Suter Science Seminars
Monday, March 30, 2009
4 p.m., Science Center 104
Voltage Sensors and Electrical Signaling in the Nervous System
Kenton Swartz, Ph.D.
Most of us learned to appreciate the importance of electricity at a very young age. It powers many useful and entertaining human made devices; a light for seeing the world, a computer for searching the internet, or an omnipresent iPod for listening to music. Although the concept that all living organisms use electricity as a fundamental mechanism for signaling across membranes and between cells is less widely appreciated, scientists have been thinking about the biological roles of electricity dating back to the late 18th century.
Today we know a great deal about the biological roles and importance of electrical signals. In humans, electrical signals are used to complete a computational task within the cerebral cortex, to secrete insulin after a meal, to tell a muscle when to contract, or to signal that a sperm has entered an egg and embryogenesis should commence. In my talk I will review the principles by which electrical signals are generated in biology and summarize our current understanding of the molecular structure and operating principles of the ion channel proteins that generate and carry electrical signals.
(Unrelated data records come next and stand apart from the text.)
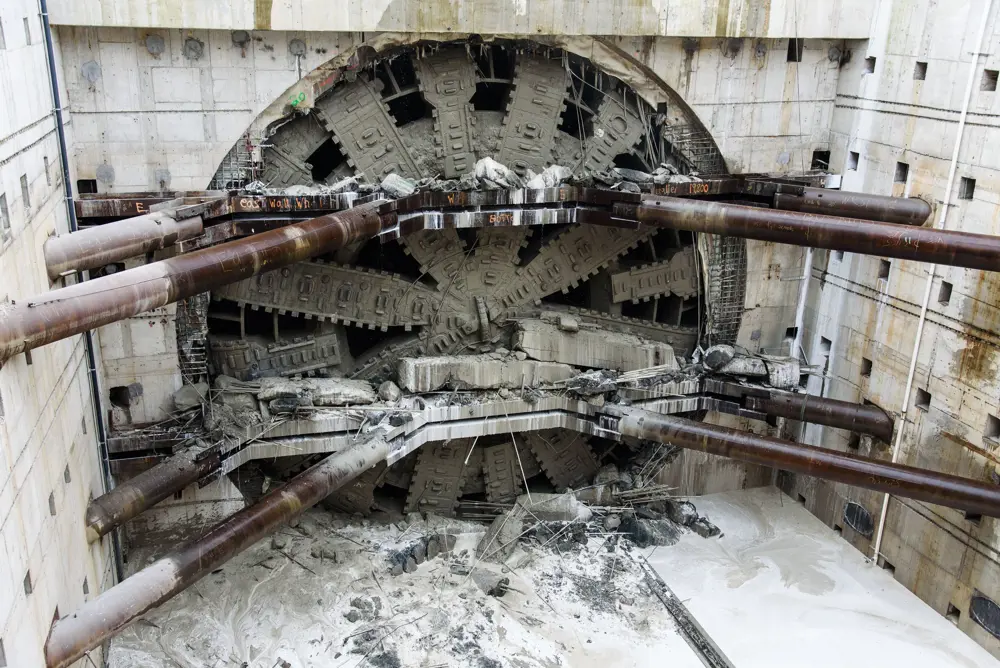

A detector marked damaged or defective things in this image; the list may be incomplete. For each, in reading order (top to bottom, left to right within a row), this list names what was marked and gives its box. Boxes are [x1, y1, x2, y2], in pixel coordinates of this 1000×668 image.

broken concrete chunk [394, 352, 576, 394]
broken concrete chunk [172, 384, 209, 410]
broken concrete chunk [376, 380, 400, 402]
broken concrete chunk [516, 494, 592, 524]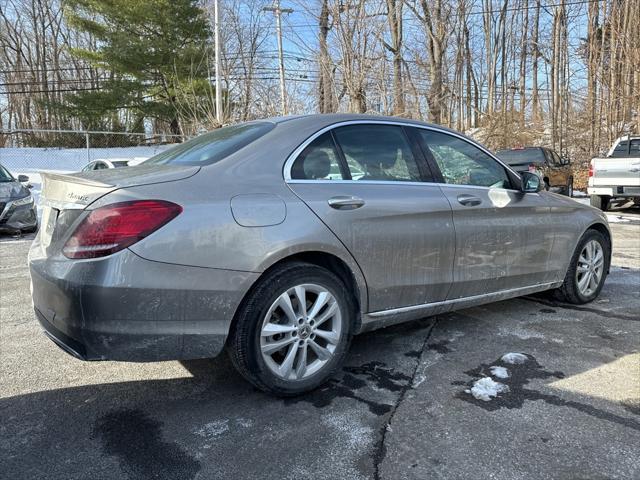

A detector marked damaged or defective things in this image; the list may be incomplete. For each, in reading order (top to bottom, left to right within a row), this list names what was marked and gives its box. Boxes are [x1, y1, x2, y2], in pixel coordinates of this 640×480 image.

damaged car [0, 163, 37, 234]
damaged car [28, 114, 608, 396]
crack in asphalt [524, 296, 636, 322]
crack in asphalt [370, 318, 440, 480]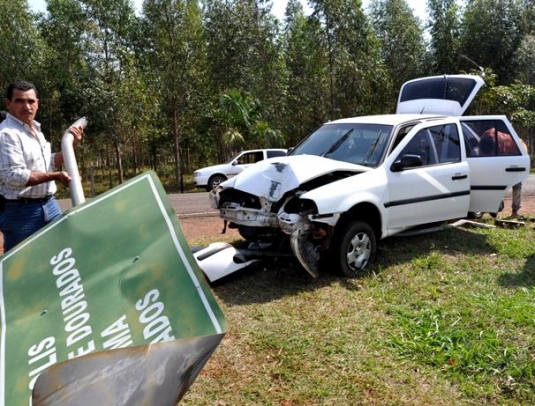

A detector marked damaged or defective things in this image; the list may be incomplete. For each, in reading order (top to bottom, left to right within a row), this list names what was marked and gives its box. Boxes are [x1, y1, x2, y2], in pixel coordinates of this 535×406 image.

crumpled car hood [220, 154, 366, 201]
damaged white car [207, 75, 528, 280]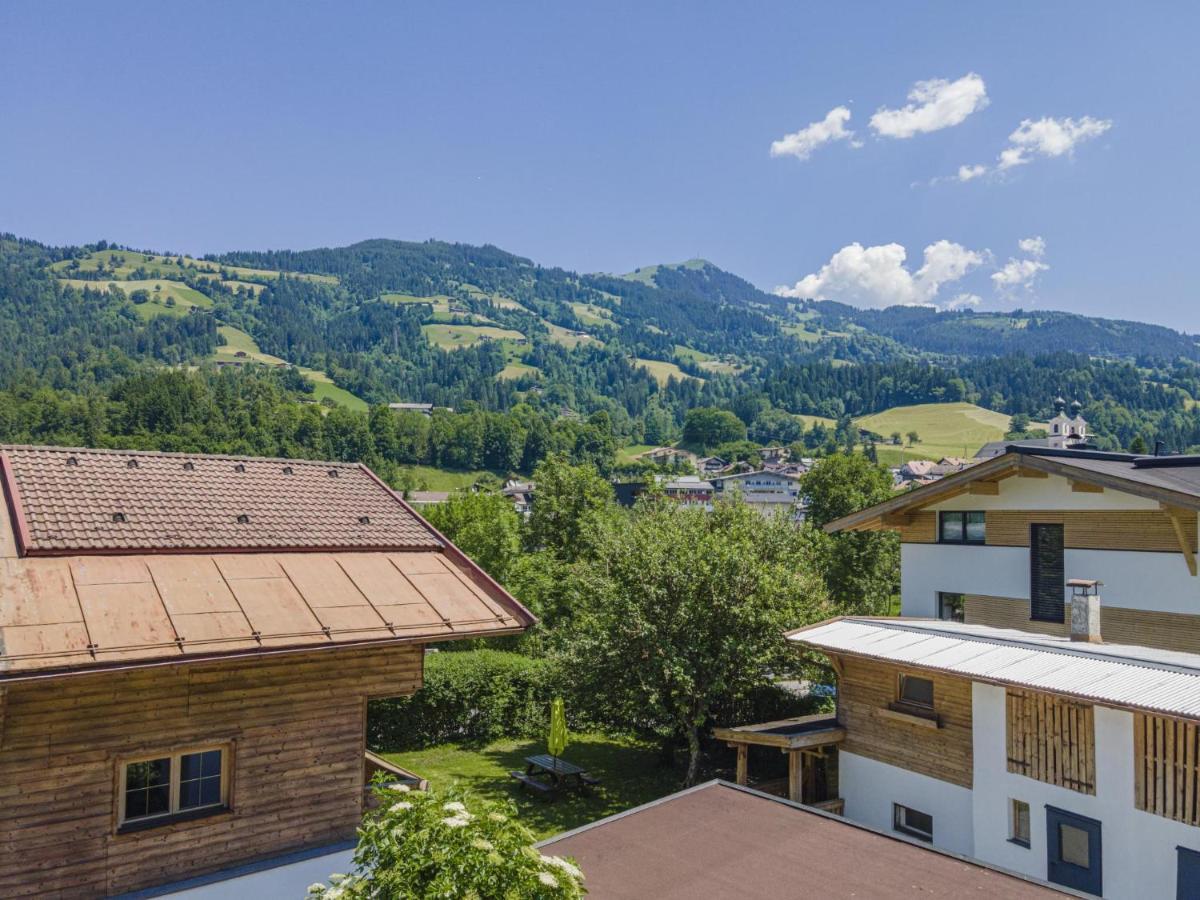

I will also discuss our current understanding of the mechanism by which voltage sensors within ion channel proteins sense the voltage across cell membranes, a process fundamental to biology’s solution for the problem of propagating signals over long distances on the millisecond timescale.
About the Presenter
Kenton Swartz, Ph.D.
Kenton Swartz received a B.S. degree in Chemistry and Biology in 1986 from Eastern Mennonite College. In 1992 he received a Ph.D. in Neurobiology from Harvard University, studying the regulation of voltage-gated calcium channels. He did postdoctoral training at Harvard Medical School, where he began isolating and studying toxins that interact with voltage-activated potassium channels.
Kenton joined NINDS as an Investigator in 1997 and was promoted to Senior Investigator in 2003. His laboratory is using biochemical, molecular biological and biophysical techniques to investigate the structure of voltage-activated ion channels and to explore the molecular mechanics by which these channels gate.